Tuesday I was battling a new cold, so I wasn't very motivated to cook. A friend of ours from Florida was going to be staying that night with us, so Sean requested something in the crock pot they could eat whenever they were ready that night. I came across this recipe that I hadn't tried before and happened to have everything on hand for it! It was a hit! The guys loved it!

Sausage and Potatoes

14 oz Hillshire Farm Turkey Smoked Sausage, sliced
1 t onion powder
28 oz frozen O'Brien potatoes with peppers & onions
1 10 3/4 oz can cheddar cheese soup
3 T fat free milk
salt and pepper to taste

Combine all ingredients in crock and mix well. Cook on low 6 hours or 3 hours on high.


You can't get much easier than this. Seriously...

I served it with some biscuits, because you know all men need bread when they eat! However, I would suggest a nice green salad or vegetable on the side, too.




 

Italian Sausage Soup

Last night I was searching for a quick and easy soup recipe to make with ingredients I actually had on hand. The "pickins" were slim my friends. My meat stock pile has dwindled and it's time to stock up again! It seems as though all types of sausages have been on sale lately, so I have a lot on hand. I happened to have a roll of Jimmy Dean hot ground sausage needing to be used up. I usually only have turkey sausage, but I think I bought this in a week sale moment thinking I would make those tasty little sausage & cheese ball appetizers. Long story short, it needed to be used up. I looked through my recipe stash and found this very yummy soup! I didn't have any spinach on hand, so I made it without. I definitely will make this again and make sure I have some because it will bump up the nutrition. Anyway, this is something different than the ordinary soup recipes I see and thought I would share it with you all! Enjoy!

Italian Sausage Soup

8 ounces hot or sweet turkey Italian sausage
2 cups fat-free, less-sodium chicken broth
1 (14.5-ounce) can diced tomatoes with basil, garlic, and oregano
1/2 cup uncooked small shell pasta
2 cups bagged baby spinach leaves
2 tablespoons grated fresh Parmesan or Romano cheese
2 tablespoons chopped fresh basil


Heat a large saucepan over medium heat. Remove casings from sausage. Add sausage to pan, and cook about 5 minutes or until browned, stirring to crumble. Drain; return to pan.

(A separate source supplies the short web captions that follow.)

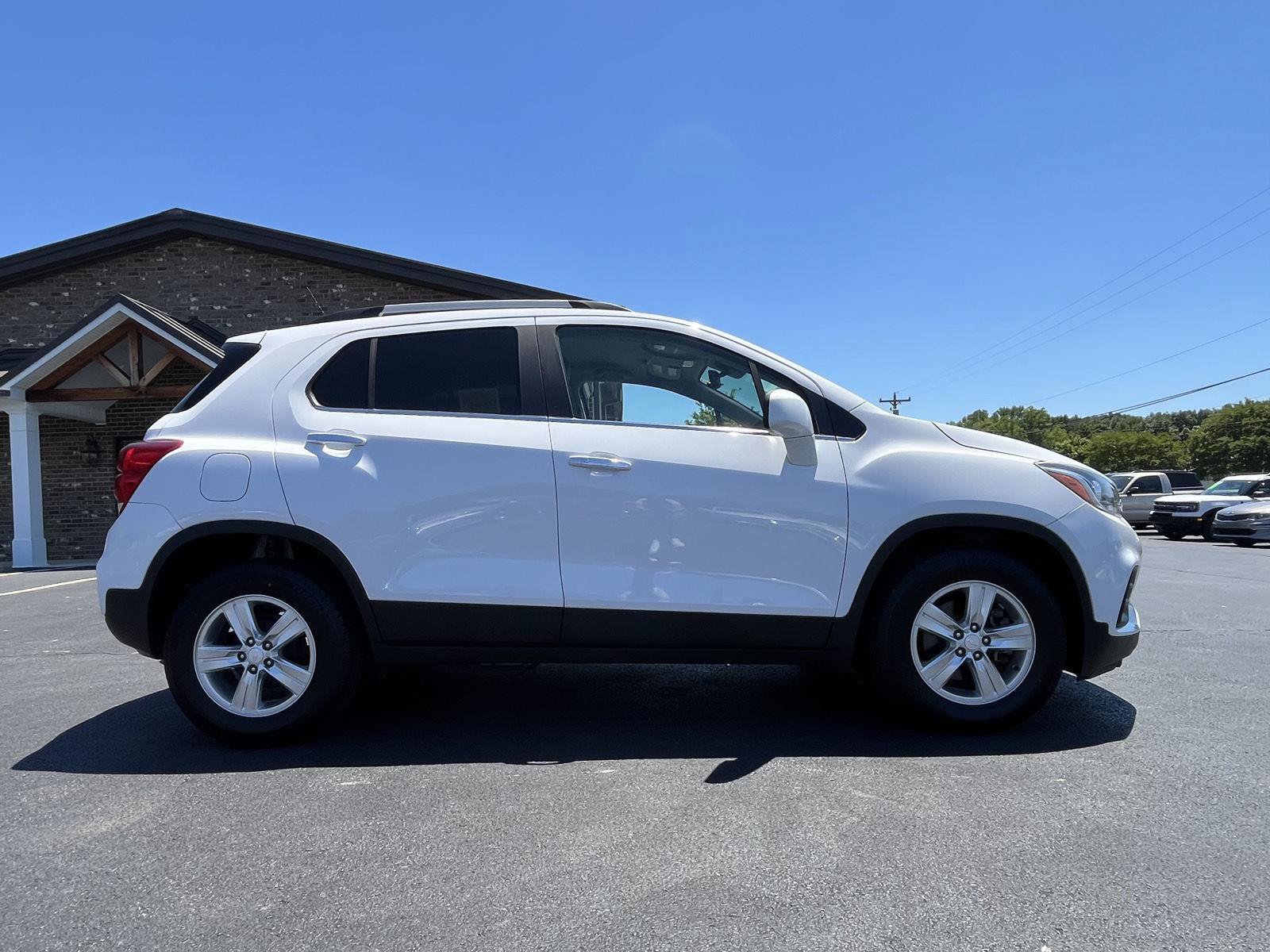 Used 2019 Chevrolet Trax LT w/ Driver Confidence Package FWD image 24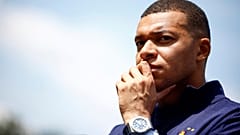 Ο Γάλλος ποδοσφαιριστής Kylian Mbappé απεικονίζεται στο προπονητικό κέντρο της εθνικής ομάδας ποδοσφαίρου της Γαλλίας στο Clairefontaine, δυτικά του Παρισιού, τη Δευτέρα.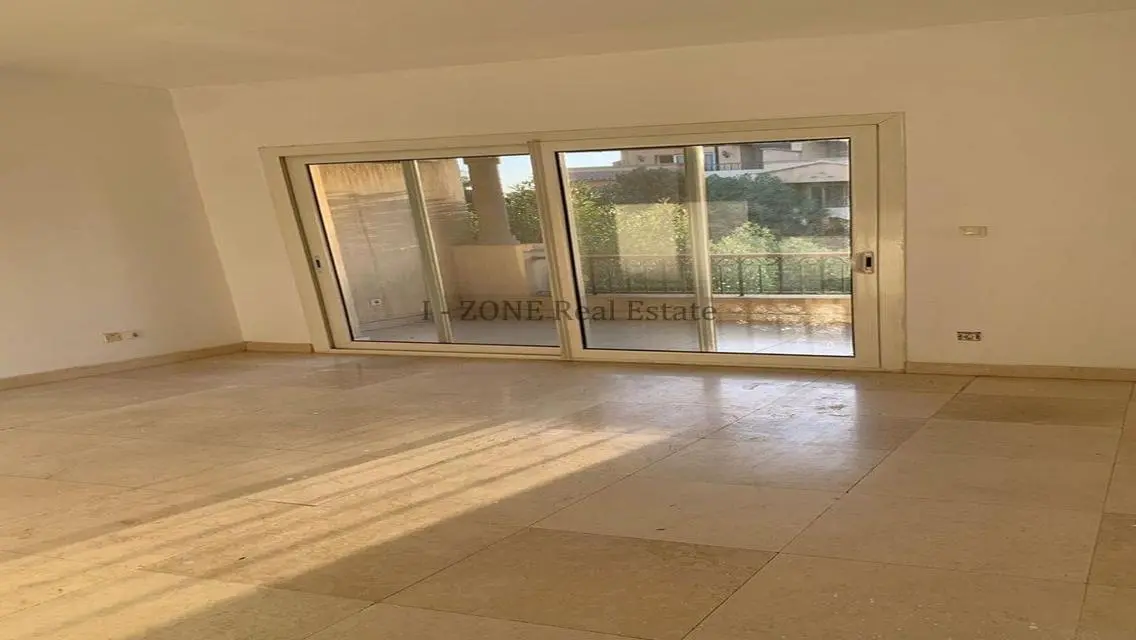 تاون هاوس سوبر لوكس للايجار بموقع مميز بميفيدا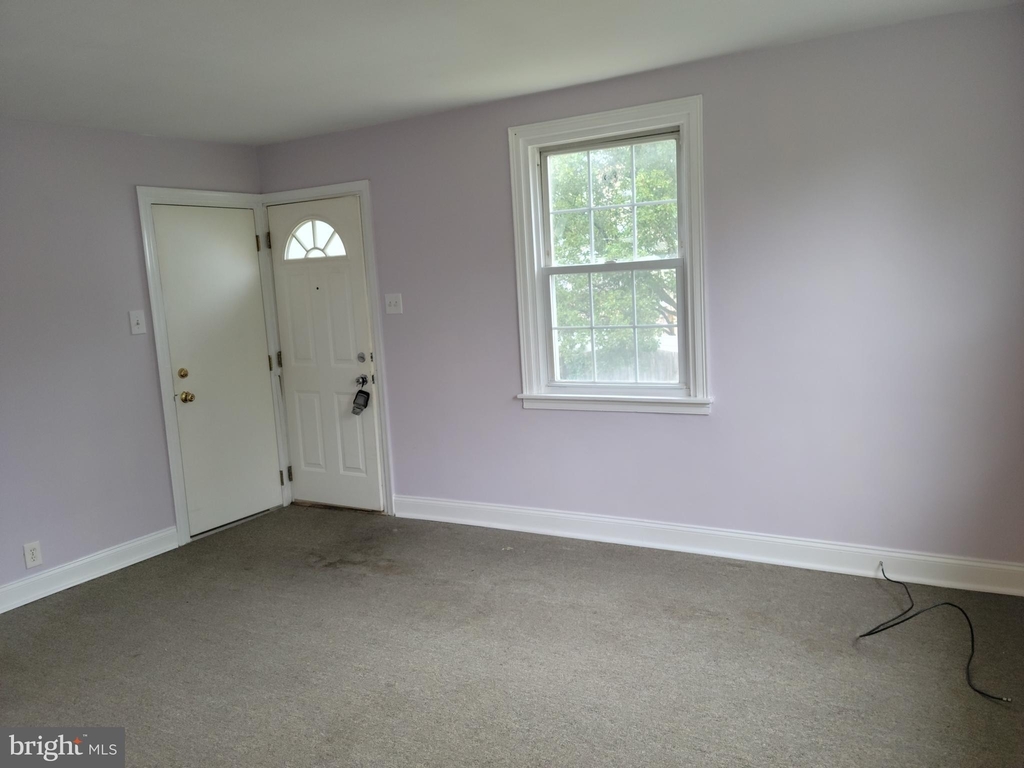 620 W Park Lane - Photo 3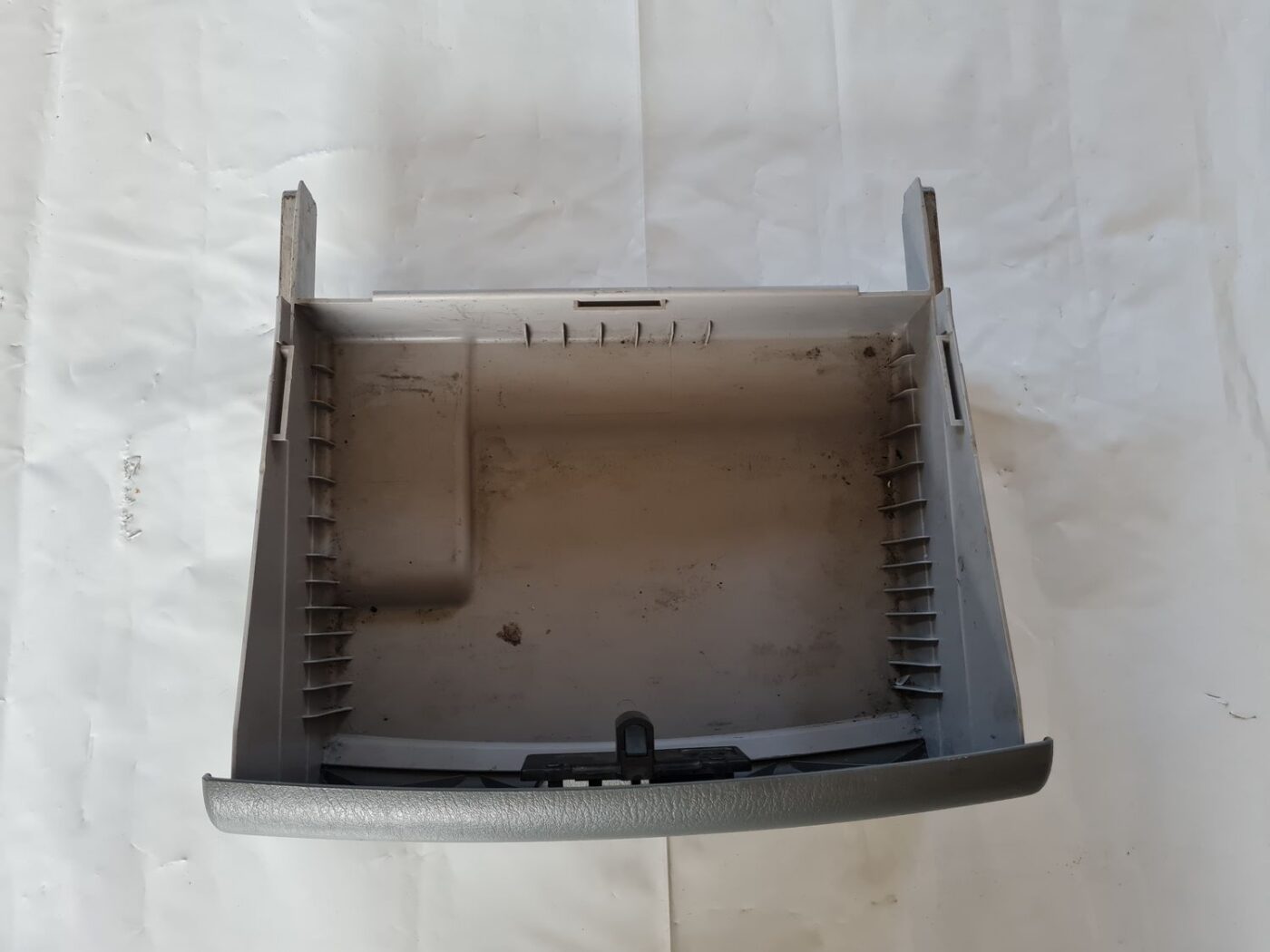 Mantu glabāšanas nodalījums pasažiera pusē priekš CHRYSLER VOYAGER 2006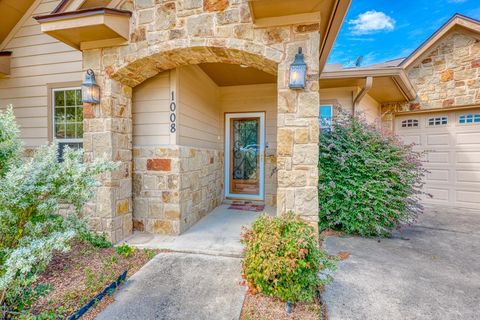Photo of 1008 Laurel Oak Circle, Marble Falls, TX 78654 (MLS # 175231)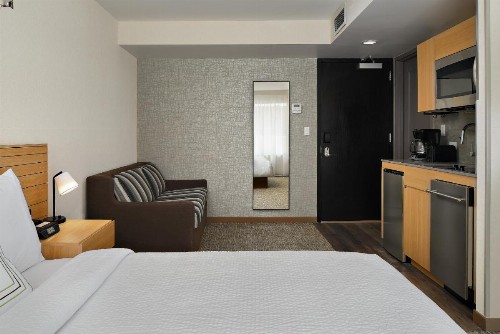 TownePlace Suites by Marriott New York Manhattan/Times Square - image 3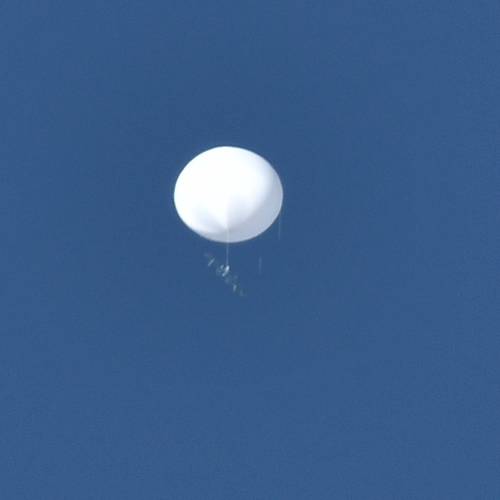 八戸市の上空で目撃された気球のような白い物体=3日午前5時15分ごろ、同市鮫町の大須賀海岸から(岩村雅裕撮影)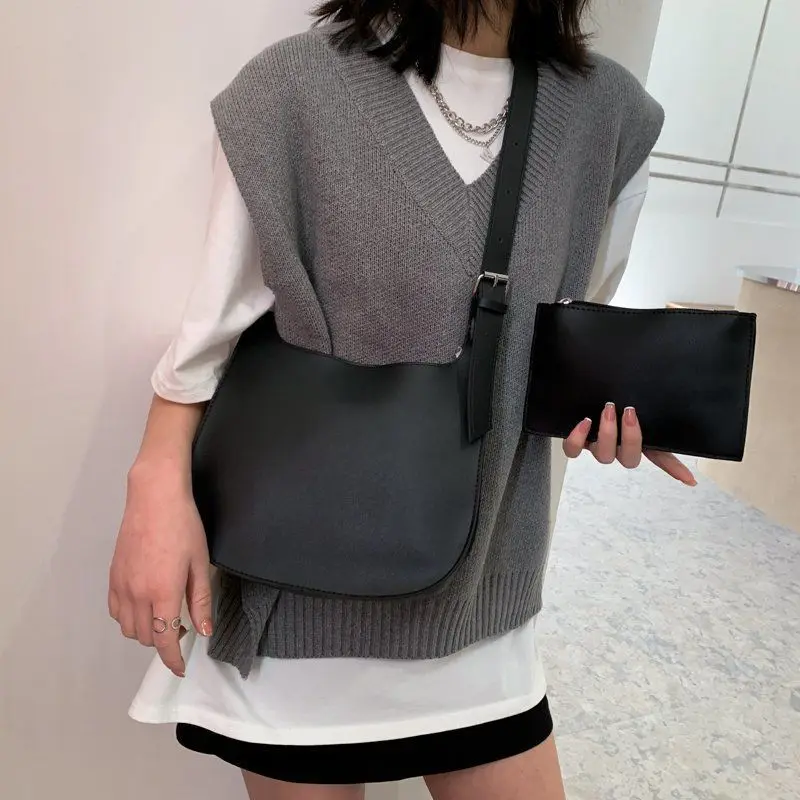 Shoulder Bag Female Saddle Crossbody Bag Designer Women Bag Handbag Purse PU Leather Simple Fashion 2021 New Trend High Capacity
Shoulder Bag Female Saddle Crossbody Bag Designer Women Bag Handbag Purse PU Leather Simple Fashion 2021 New Trend High Capacity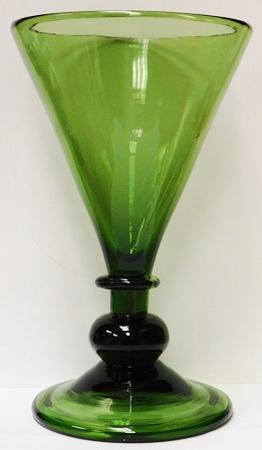 JAMESTOWN GLASS HAND BLOWN BEER GLASS - GREEN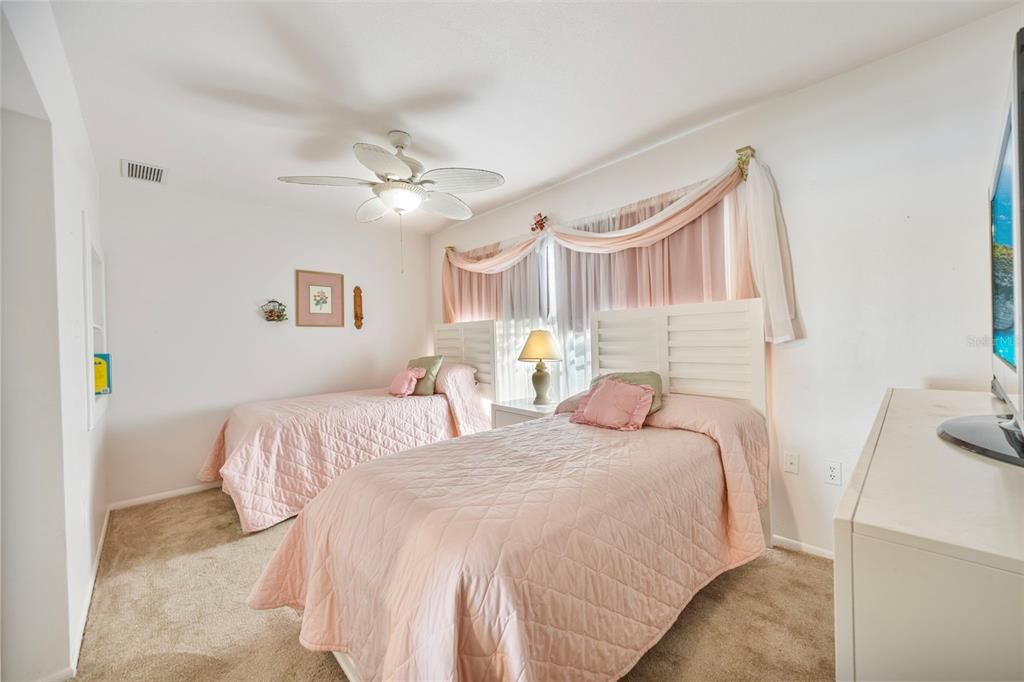 Active With Contract: $189,000 (2 beds, 2 baths, 1464 Square Feet)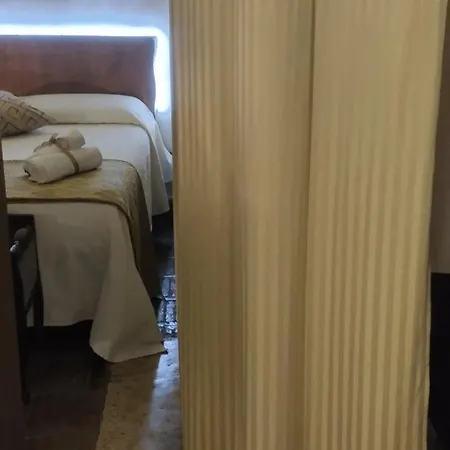 L'alcova Dei Grifoni Apartamento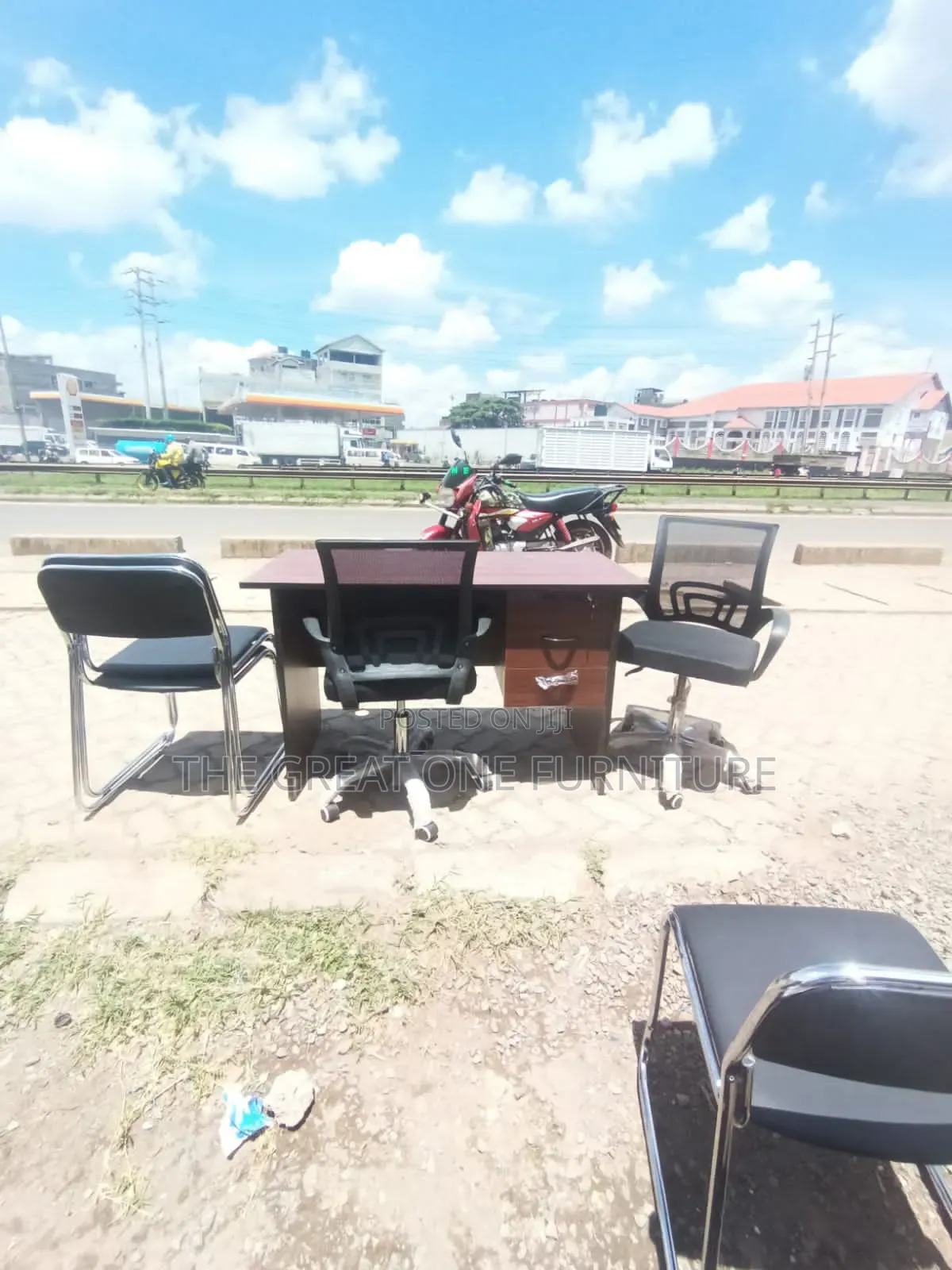 Elegant 1m Office Desk With Secretarial Mesh Chair Aj6bv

Add broth, tomatoes, and pasta to pan, and bring to a boil over high heat. Cover, reduce heat, and simmer 10 minutes or until pasta is done. Remove from heat; stir in spinach until wilted. Sprinkle each serving with cheese and basil.

Yield: 4 servings (serving size: 1 1/3 cups soup, 1 1/2 teaspoons cheese, and 1 1/2 teaspoons basil)

CALORIES 216 FAT 7.1g FIBER 1.6g

Cooking Light, JULY 2004
 

Another quick note: I doubled the recipe since I had a 16 oz. roll of sausage. It is a very forgiving recipe and easily adapted.